First off, I have admittedly not read all of this thread.  However, as designer of DSL's in python, I wanted to jump in on a couple of things I have seen suggested.  Sorry If I am repeating comments already made.  Over the last few years I have thought about every suggestion I have seen in this thread and they all don't work or are undesirable for one reason or another.

Regarding what code will become simpler if an assignment operator was available.  I currently walk the AST to rewrite assignments into the form I want.  This is code is really hard to read if you are not familiar with the python AST, but the task it is performing is not hard to understand at all (replace assignment nodes with calls to a function call to dsl_assign(target_names, value, globals(), locals()).  The dsl_assign function basically performs some type checking before doing the assignment.  Once again the code is much harder to understand than it should be as it operates on names of variables and the globals / locals dictionaries instead of on the variables themselves.  Also to get the hook into the AST I have to have use an importer which further obscures my code and makes use kinda annoying as one has to do the following:
import dsl # sets up the importer to rewrite the AST 
import dsl_code # the code which should morally be the main but most be imported after dsl 
Granted anything in a function or a class can be rewritten with a decorator but module level code must be rewritten by an importer.

The problem with overloading obj@=value:
As Yanghao have pointed out @ comes with expectations of behavior.  Granted I would gamble most developers are unaware that @ is python operator but it still has meaning and as such I don't like abusing it.
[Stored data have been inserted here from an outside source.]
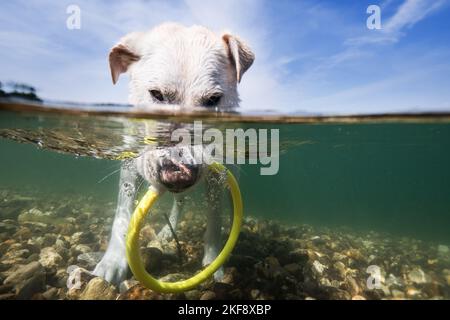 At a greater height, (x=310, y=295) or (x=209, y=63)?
(x=209, y=63)

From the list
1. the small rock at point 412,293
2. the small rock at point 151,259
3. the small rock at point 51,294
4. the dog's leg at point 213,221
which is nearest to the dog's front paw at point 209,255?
the dog's leg at point 213,221

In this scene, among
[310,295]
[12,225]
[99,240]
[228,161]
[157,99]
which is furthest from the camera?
[12,225]

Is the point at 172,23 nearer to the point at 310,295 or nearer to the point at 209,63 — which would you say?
the point at 209,63

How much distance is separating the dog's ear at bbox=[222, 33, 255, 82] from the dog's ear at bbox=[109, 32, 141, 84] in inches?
50.8

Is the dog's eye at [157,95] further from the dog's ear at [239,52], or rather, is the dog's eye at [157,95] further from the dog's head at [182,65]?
the dog's ear at [239,52]

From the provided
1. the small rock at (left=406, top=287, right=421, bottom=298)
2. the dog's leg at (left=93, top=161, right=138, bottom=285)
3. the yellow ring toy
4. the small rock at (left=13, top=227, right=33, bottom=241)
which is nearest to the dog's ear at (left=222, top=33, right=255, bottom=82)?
the yellow ring toy

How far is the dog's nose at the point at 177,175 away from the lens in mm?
3512

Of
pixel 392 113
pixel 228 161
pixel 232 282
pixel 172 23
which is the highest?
pixel 172 23

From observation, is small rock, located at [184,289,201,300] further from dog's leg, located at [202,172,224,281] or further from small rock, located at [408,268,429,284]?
small rock, located at [408,268,429,284]

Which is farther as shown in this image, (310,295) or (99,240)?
(99,240)

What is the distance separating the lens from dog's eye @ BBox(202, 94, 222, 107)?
13.3 feet

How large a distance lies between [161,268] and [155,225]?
10.2ft

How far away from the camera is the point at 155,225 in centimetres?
793

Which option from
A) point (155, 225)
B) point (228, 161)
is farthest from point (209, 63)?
point (155, 225)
The problem with using obj[:]=value:
Similar to @ getitem and slices have meaning which I don't necessarily want to override. Granted this is least objectionable solution I have seen although, it creates weird requirements for types that have __getitem__ so it can just be used by inheriting `TypedAssignment` or something similar. 
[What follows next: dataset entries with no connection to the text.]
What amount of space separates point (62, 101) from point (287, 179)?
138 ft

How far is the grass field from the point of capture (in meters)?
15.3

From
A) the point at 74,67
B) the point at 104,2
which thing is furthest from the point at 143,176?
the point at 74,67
The problem with descriptors:
They are hard to pass to functions, for example consider trying to fold assignment.
signals = [Signal('x'), Signal('y'), Signal('z')]
out = functools.reduce(operator.iassign, signals)
signals = SignalNamespace()
signal_names =  ['x', 'y', 'z']
out = functools.reduce(lambda v, name: settattr(signals, name, v))
In general one has to pass the name of the signal and the namespace to a function instead the signal itself which is problematic.

The problem with exec:
First off its totally unpythonic, but even if I hide the exec with importer magic it still doesn't give me the behavior I want.
Consider the following
class TypeCheckDict(dict, MutableMapping): # dict needed to be used as globals
  Dictionary which  binds keys to a type on first assignment then type checks on future
  assignement. Will infer type if not already bound. """
  __slots__ = '_d'
  def __init__(self, d=_MISSING):
    if d is _MISSING:
      d = {}
    self._d = d

  def __getitem__(self, name):
    v = self._d[name][1]
    if v is _MISSING:
      raise ValueError()
      return v

  def __setitem__(self, name, value):
    if name not in self._d:
      if isinstance(value, type):
        self._d[name] = [value, _MISSING]
        self._d[name] = [type(value), _MISSING]
      elif isinstance(value, self._d[name][0]):
        self._d[name][1] = value
        raise TypeError(f'{value} is not a {self._d[name][0]}')
  # __len__ __iter__ __delitem__ just dispatch to self._d

S = '''
x = int
x = 1
x = 'a'
exec(S, TypeCheckDict(), TypeCheckDict()) # raises TypeError 'a' is not a int

S = '''
def foo(): # type of foo inferred
  x = int
  x = 'a'
exec(S, TypeCheckDict(), TypeCheckDict()) # doesn't raise an error as a normal dict is used in foo

Caleb Donovick

On Thu, Jun 6, 2019 at 12:54 AM Yanghao Hua <> wrote:
On Wed, Jun 5, 2019 at 11:31 AM Chris Angelico <> wrote:
> Part of the reason you can't just treat the + operator as a method
> call is that there are reflected methods. Consider:
> class Int(int):
>     def __radd__(self, other):
>         print("You're adding %s to me!" % other)
>         return 1234
> x = Int(7)
> print(x + 1)
> print(1 + x)
> If these were implemented as x.__add__(1) and (1).__add__(x), the
> second one would use the default implementation of addition. The left
> operand would be the only one able to decide how something should be
> implemented.

Yep, just did an experiment in Scala, where you can do x + 1, but not
1 + x. So it looses some flexibility in terms of how you write your
expression, but still, it looks OK to only write x + 1 and when you
write 1 + x you get an error immediately.